Fee: Free of charge; please bring drinks and snacks to share
Place: Sumida Riverside Tower, 2F Meeting Room, Shinkawa 1-28-7, Chuo-ku, Tokyo 104-0003. About 10 minutes walk from Kayabacho (Hibiya and Tozai Line) or Hatchobori (Hibiya Line or JR Keiyo Line) subway stations. Buses from Tokyo station, Nihonbashi, etc. Less than 1,000 yen by taxi. [Map]
From Kayabacho subway station, take Exit 3; walk straight (along Eitai-dori) in the direction of the Eitaibashi bridge that crosses the Sumida river. As you walk, watch for ENEOS gasoline stations. You will pass the first one on your right before a pedestrian overpass. Keep going to the second traffic light after that (Eitai-bashi Nishi), which is at a large three-way intersection. You should see a second ENEOS across the large street (Kajibashi-dori) ahead on your right. Cross Kajibashi-dori and turn right onto the small street that runs behind the ENEOS gas station. The Sumida Riverside Tower building is immediately ahead of you, one block down at the end of the street. Look for the main entrance to the building down a slope from the sidewalk.
From Tokyo Station, Minami Yaesu Exit, take Bus Higashi #16 (東#16); get off at the Sumitomo Twin Building 住友ツインビル前 (sixth) stop and walk a little further in the same direction to where the Chuo Ohashi bridge crosses the Sumida River. Before the bridge, turn left down the riverside park and walk along for about 5 minutes. Look for the Sumida Riverside Tower on your left; circle around the building to find the entrance.
If you are unsure of the location, contact SWET in advance for further instructions and contact number at email@example.com
With visitors to Japan swelling to almost 20 million in 2015, there's more demand than ever for both general and specialized travel advice in English and other languages.
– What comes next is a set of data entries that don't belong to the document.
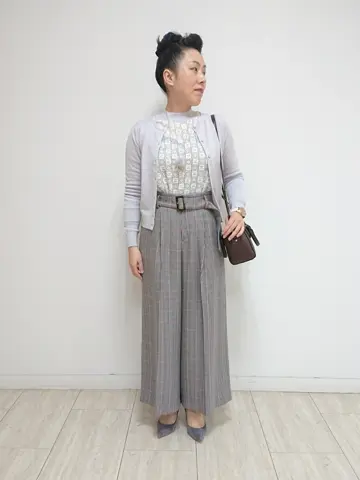 組曲 ウエノ コーディネート画像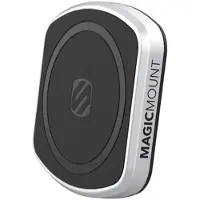 Scosche MagicMount Pro2 Flush mount - Telefoonhouder auto - Universeel - Magnetisch en MagSafe - Zwart
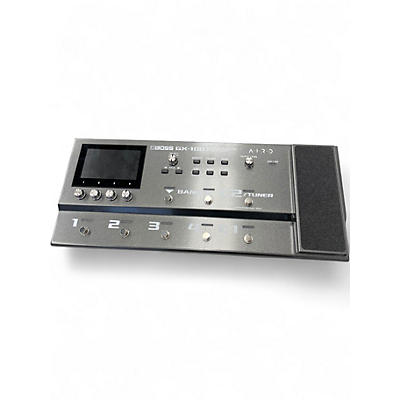 Used BOSS GX100 Effect Processor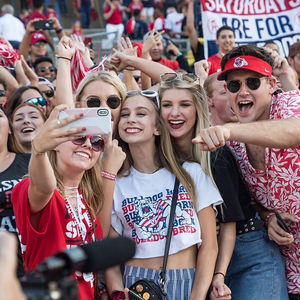 Image post by @fresnostateathletics on Instagram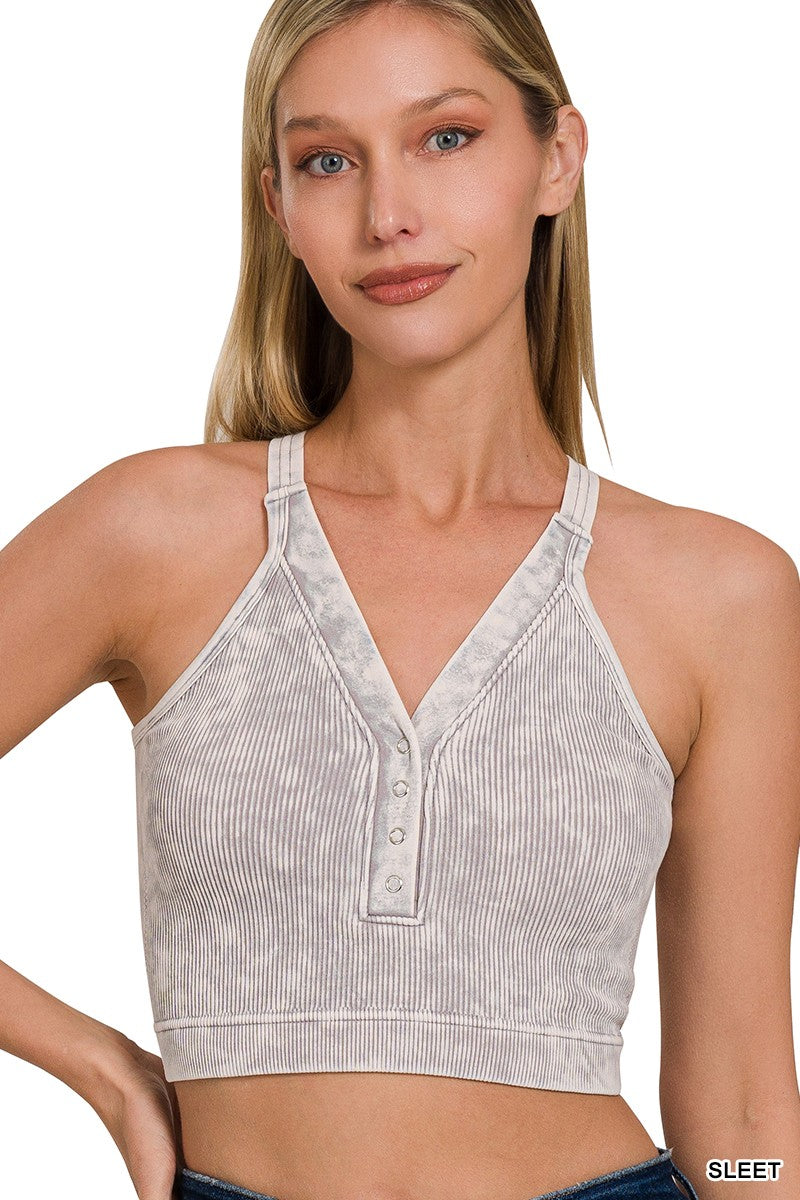 No Comparison Padded Bralette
How can writers, editors, and translators living in Japan help serve that market? What are the opportunities and challenges in traditional providers of travel information, such as guidebooks, magazines, and newspapers, as well as newer media, including blogs, e-books and social media? In this special travel-focused SWET event, join Greg Goodmacher, Alice Gordenker, and Rob Goss to discuss these questions and others related to writing, editing and translation for travel and tourism.
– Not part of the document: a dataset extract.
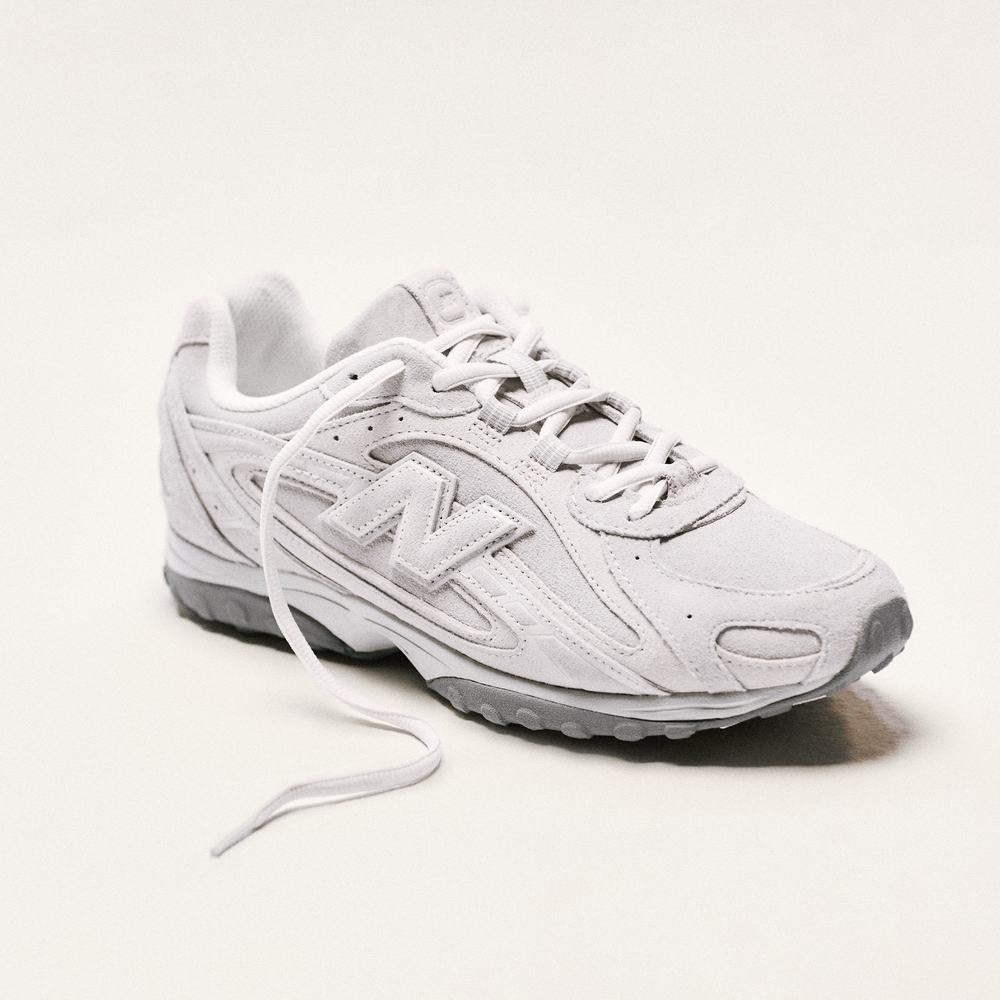 Buty unisex New Balance U204LMMB – szare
Please bring tourism-related magazines, books, or other materials to add to a display for shared interest.
Profiles of the Speakers
Greg Goodmacher writes textbooks and travel articles and teaches at a college in Niigata prefecture. His goals are to be published in a wider variety of international magazines and to gradually become a full-time writer, Goodmacher has written for magazines on the topics of tea, snowshoeing, traveling, animal welfare, and Japanese onsens. When not working or writing, he is probably soaking in a hot spring. Check out his blog: http://hotspringaddict.blogspot.jp/
Alice Gordenker has been explaining Japan in English for over 16 years through newspapers, magazines, television, a blog and social media. A long-time columnist for The Japan Times, Gordenker is probably best known for her popular “What the Heck is That?” column, which ran from 2005 to 2015, answering readers’ questions on Japan with meticulously researched yet decidedly off-beat reports on everything from traditional talismans to toilets. She has worked for NHK for many years, writing subtitles and scripts for its programs on language, culture, and travel. Recently, Gordenker has been working to make Tokyo museums more accessible to foreign visitors through better English-language captioning as well as guided tours. In 2015 she began working with Kanagawa Prefecture to develop new tourism products, personally designing and leading a series of tours in English to lesser known but eminently worthwhile destinations. For more info: https://alicegordenker.wordpress.com/
Rob Goss has written a number of books on Japan with Tuttle Publishing, including the North American Travel Journalists Association (NATJA) Gold Award-winning Travel Pack Japan (2013), NATJA Silver Award-winning Tokyo: Capital of Cool (2015) and the upcoming Travel Pack Kyoto & Nara (2016) andJapan Traveler’s Companion (2016). He has also contributed to and/or updated more than a dozen guidebooks for Rough Guides, Fodor’s, Insight Guides, Dorling Kindersley and National Geographic, as well as writing about Japan for nearly 100 magazines and online publications around the world, from National Geographic Traveler and Time to the in-flight magazines of Continental, Delta, US Airways, and others. For more info: www.tokyofreelance.com.